The emerging of Big data:
In the web2.0 era, the amount of data getting generated is reaching over peta bytes of data.Programmers and the Business analyst are looking to analyse the large amount of data to drive the business. The data are key for any business.
There are two important characteristic of big data that causes the challenges.
- Store data fail safe
- Process the data faster
1. Store data fail safe
Over the years the storage capacity of a single disk increased considerably to drive storing data. Now 1 TB of hard disk is very normal. But the speed of reading the data from the disks are not cope up with the increase of storage speed. On an average we get only 100MB/s. This is a lot of time to read all the data from the disk,that will take 2 and half hour to read all the data from a disk.

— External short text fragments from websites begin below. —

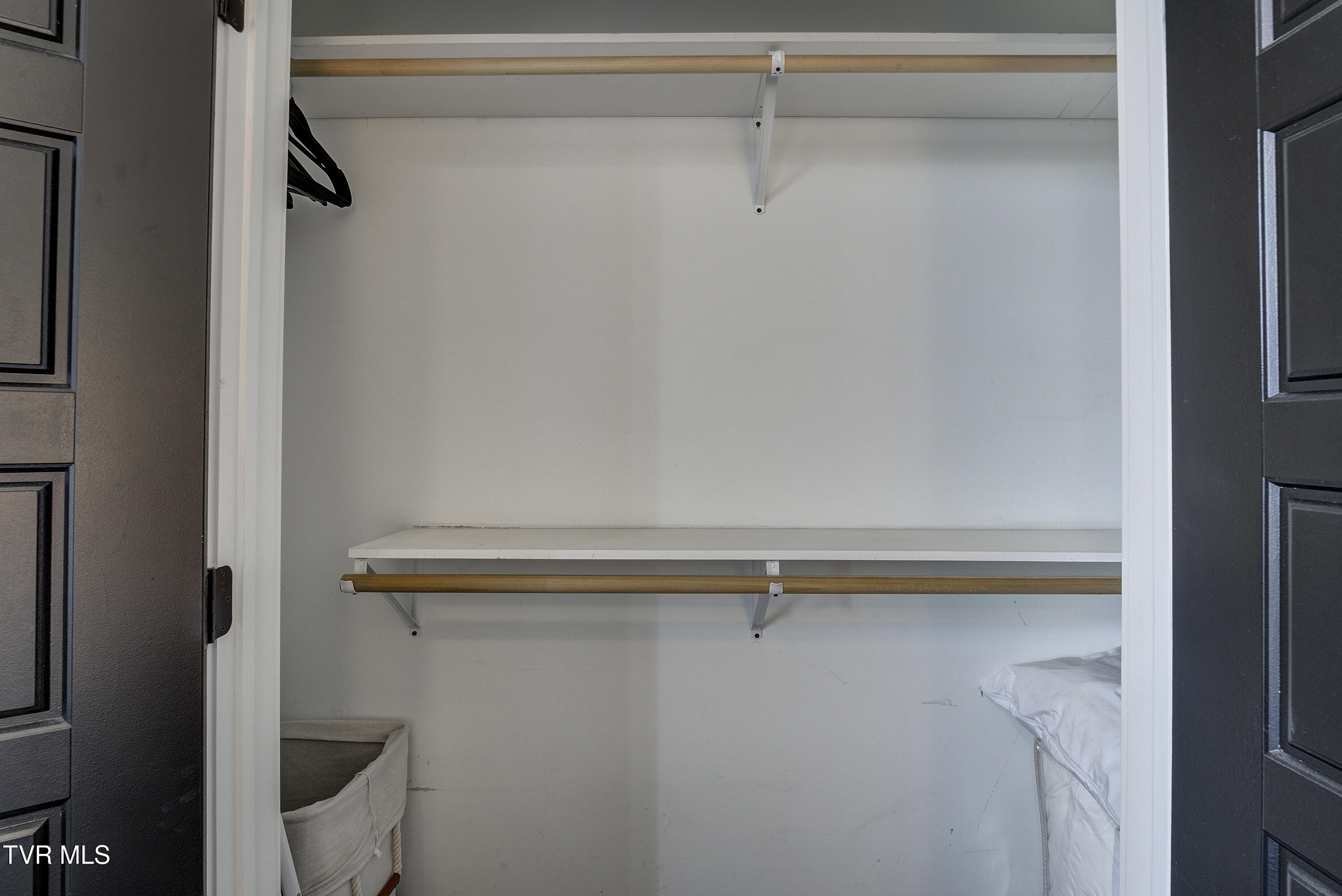 201 8th Street, Unit 203 Bristol, TN 37620 - Photo 26 of 31 Remington1-26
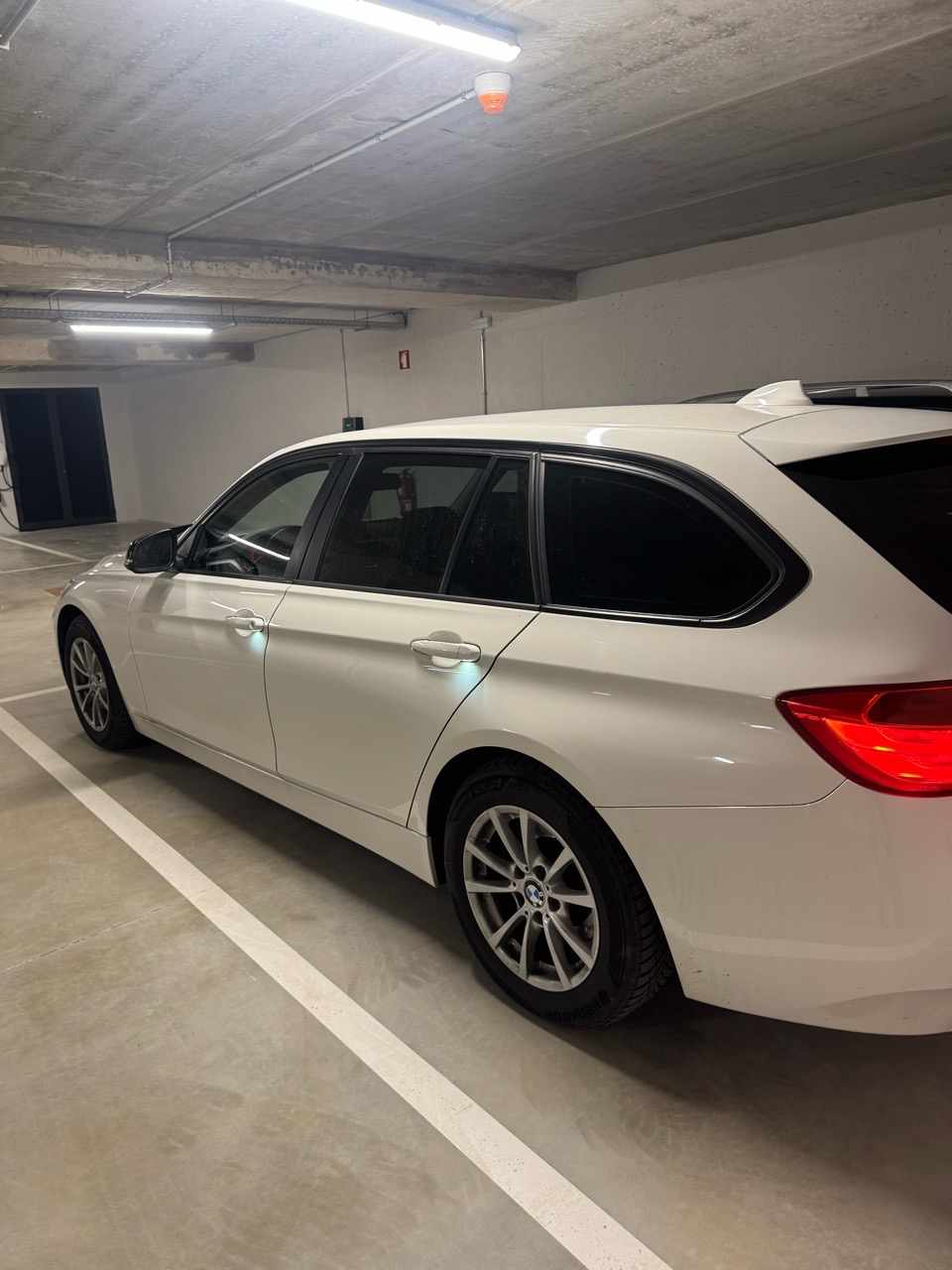 bmw-serie-3-318d-2015-diesel-1995cc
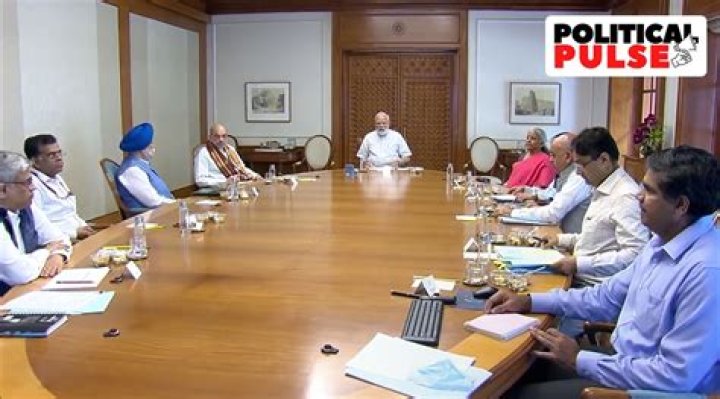 
PFI ban: Vijayan holds high-level meeting with police officials 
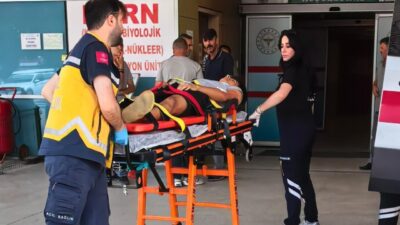 İnegöl ilçesinde yaşanan trafik kazasında bir bisikletli çocuk otomobille çarpışarak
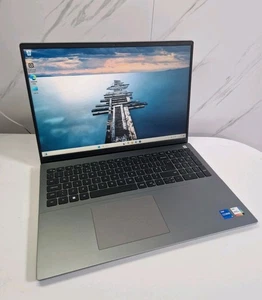 Dell Vostro 5630 Intel Core i5-1340P 16GB RAM 512GB NVMe 16" FHD Windows 11 - Picture 1 of 6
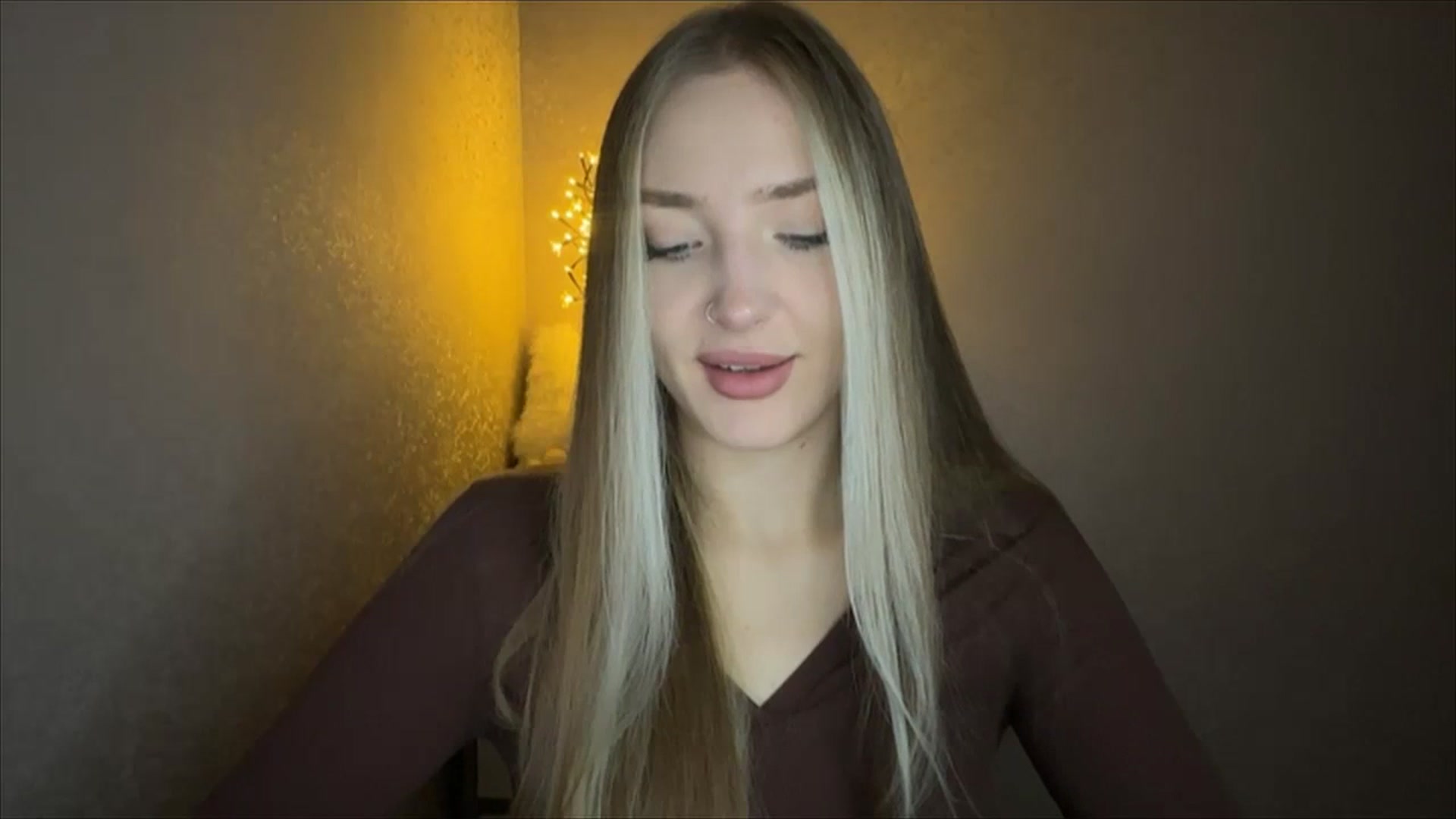 Gallery image thumbnail from My_Diana's myfreecams stream on, 10/30/2024, 14:20 image 12 of 20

How to increase the reading time: Parallel access:
One way to improve the read process is to read data from multiple disk source, hence the computation will be faster.

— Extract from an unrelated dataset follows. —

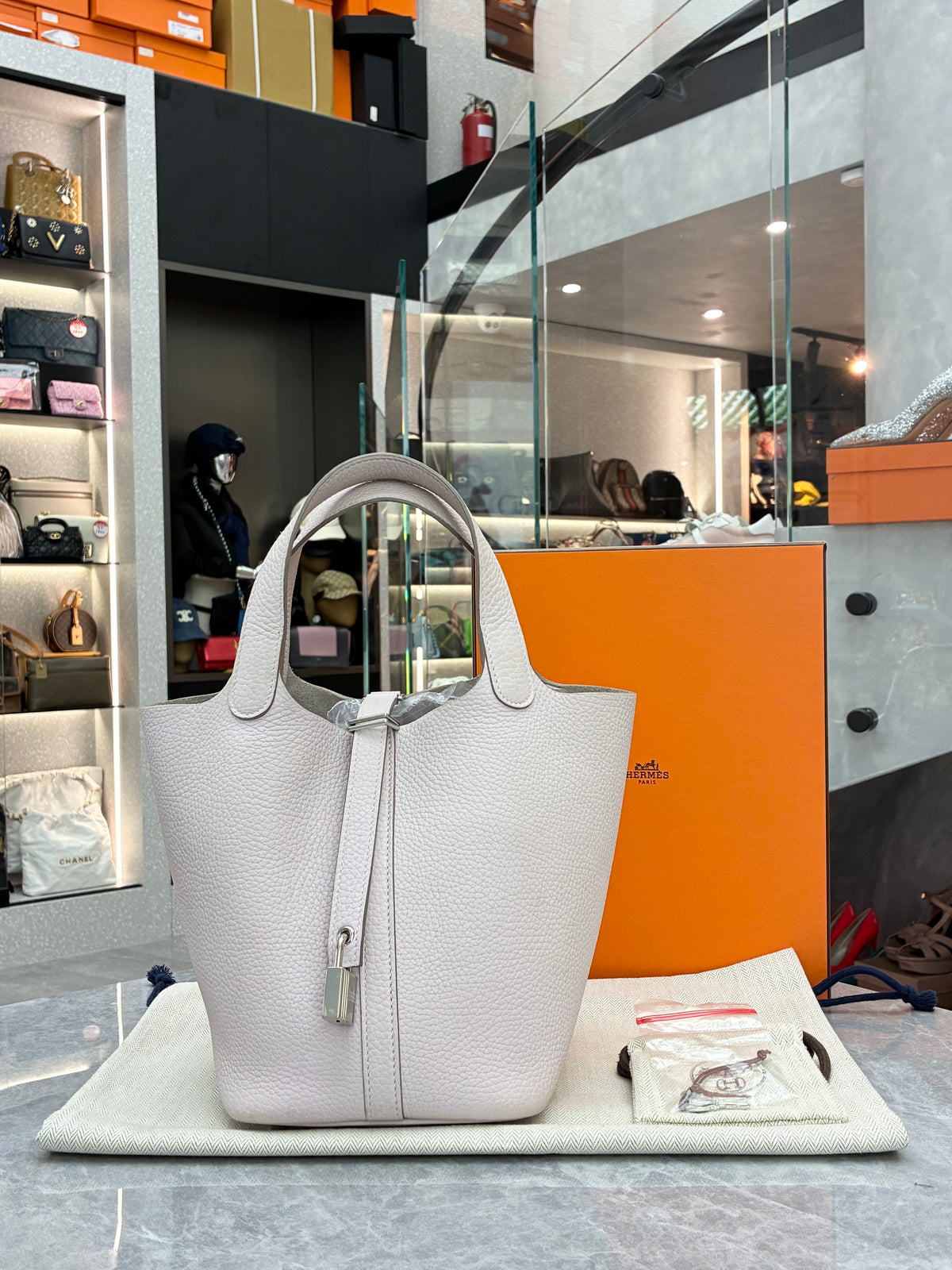 Hermès Picotin Lock 18 bag in a light grey color with silver hardware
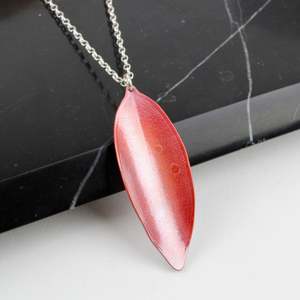 Duncan Mackay: Rolled rata copper necklace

The draw back of this approach is we may end up more disks than the actual data size. But the increase of storage space and reduce in prices of those disk made this approach dearer.
What about hardware failure?
It is inevitable that the hardware may fail. So there should be a technique to duplicate data to different storage systems, So even one system fails the other will picks up. So we need an effective file system(HDFS) to store data distributed.
2.Process the data faster:
Often the analysis needs to combine data from different node for computation like sorting and merging. So we need an effective programming model like MapReduce which Hadoop build-on.The ability process unstructured data and slowness in seek time are the biggest challenges in computing big data.
Seek time is the process of moving disk header to particular place of the disk to read or write.The data access is primarily depends on the seek time. But the traditional B-Tree algorithm used by RDMBS good for updating and selecting data, it is not as efficient as of MapReduce for sorting and merging. The batch processing which most of write less and read often where the relational database fit for continuously updated.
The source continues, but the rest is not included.